Robert Smithson sought in the landscape ”a place curators could not control,” as Hilderbrand writes in his own essay. Smithson “forged an art whose visible, temporal characteristics were inseparable from experience–exactly as he had seen Olmsted’s work to be.” It seems that Smithson’s work, in turn, taught Hilderbrand to curate landscapes under a shared rubric: “to make the constructed world more visible.” Here visibility can also be understood as legibility: to what degree can the many stories be read in the current condition?

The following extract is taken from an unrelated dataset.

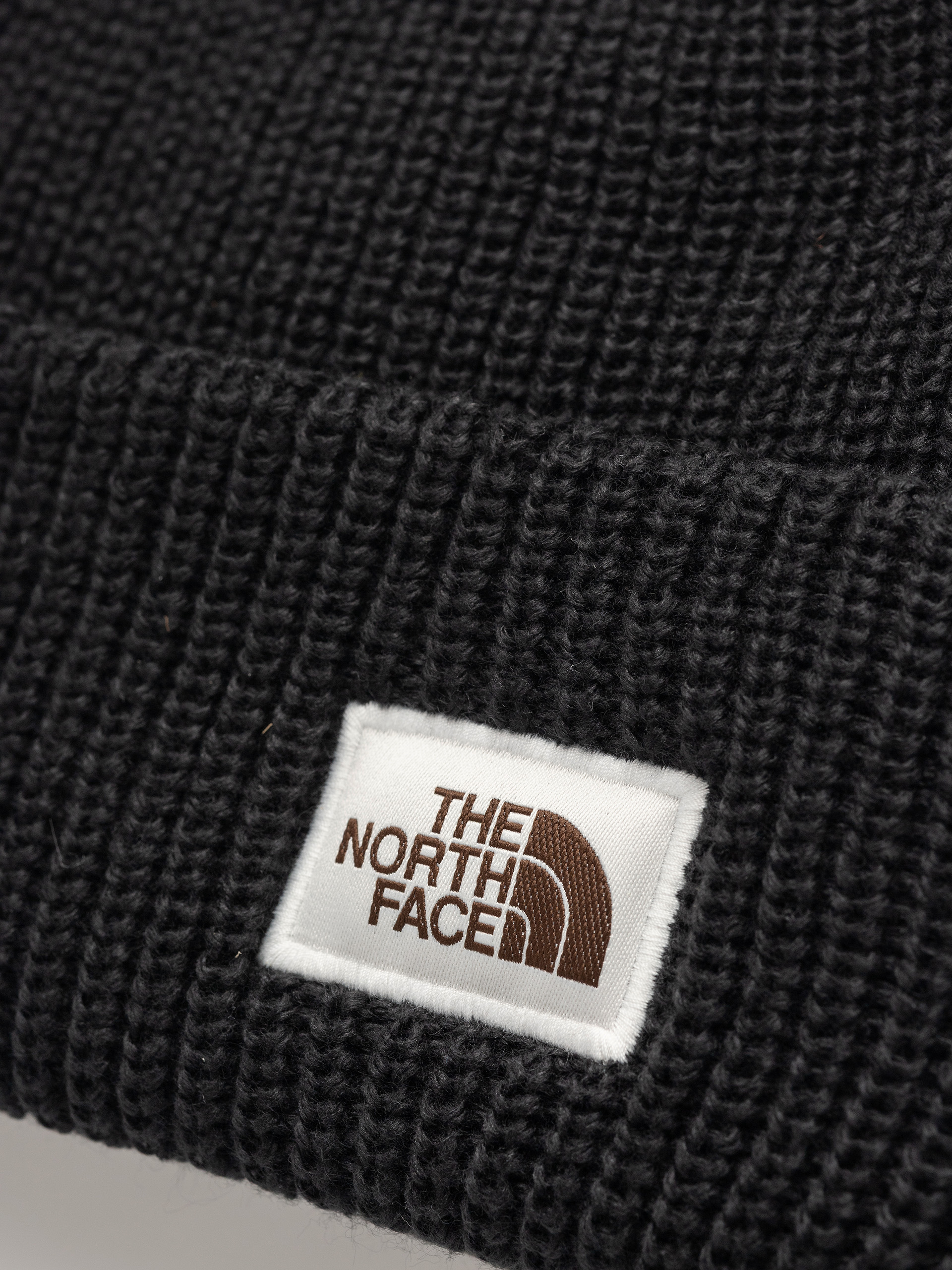 Čiapka The North Face Salty Bae Lined (tnf black)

Hilderbrand related that when Doug Reed and he first arrived at Philip Johnson’s Beck House in Dallas, Texas, he wondered, “Can we really do this?” Confronted with a neglected, overgrown property, their new aim was to make legible an illegible landscape. In his essay he writes, “the space beneath the canopy already existed here, though it wasn’t easy to see” and “the means to recover and sustain it are partly evident, mostly unseen.” The hidden qualities of the place, what Harrison refers to as the “world-affirming potential of the sites,” are as enigmatic as the techniques that may reveal them. In the end, Hilderbrand’s lecture proved to me that the firm’s built work achieves precisely what I set out to do as a student of landscape architecture: to create both the spaces for inspiring experiences and the language with which to allow others to read or see the enduring beauty of place, in the telescopic sense.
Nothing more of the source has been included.